During the Indian independence movement, the song Vande Mataram was frequently sung at protest meetings, including at the proclamation of the Provisional Government of Free India in Singapore in October 1943. Some Muslims were, however, not comfortable with the expressly Hindu metaphors used in the song, and disliked the book, Anandamath, in which it had been first published. The leaders of the Indian National Army in Singapore were aware of this problem, and hoped that Subhas Chandra Bose, the head of the INA and the Azad Hind, would settle it. Lakshmi Sahgal, who was an INA member, favoured the selection of Jana Gana Mana, which was composed by Rabindranath Tagore and had been sung at sessions of the Indian National Congress. She arranged to have it sung at a women's meeting attended by Bose. Bose was taken by the song, which he thought was nationally representative. However, he did not like that the song was in Sanskritized Bengali, and commissioned a free translation to Hindustani.
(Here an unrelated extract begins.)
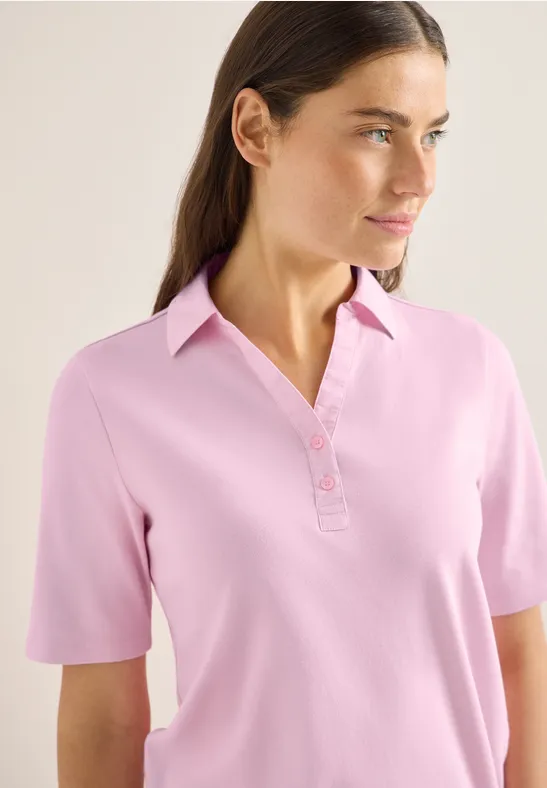 Basic Poloshirt mit Kurzarm light blush rose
The translation, Shubh Sukh Chain, was written by Captain Abid Hasan Safrani, and its score composed by Captain Ram Singh Thakuri. It took Vande Mataram's place as the official national anthem of the Provisional Government, and was sung at all meetings, including at the final assembly before Bose's departure.

On 24 January 1950, President-elect Rajendra Prasad announced the final decision that Jana Gana Mana would be the national anthem of the independent Republic of India.

== Lyrics ==
Unlike Jana Gana Mana, the lyrics of Shubh Sukh Chain is written in the Hindustani language. The core theme of the anthem's lyrics is that of the whole of India joining together to hope for peace and unity in the nation.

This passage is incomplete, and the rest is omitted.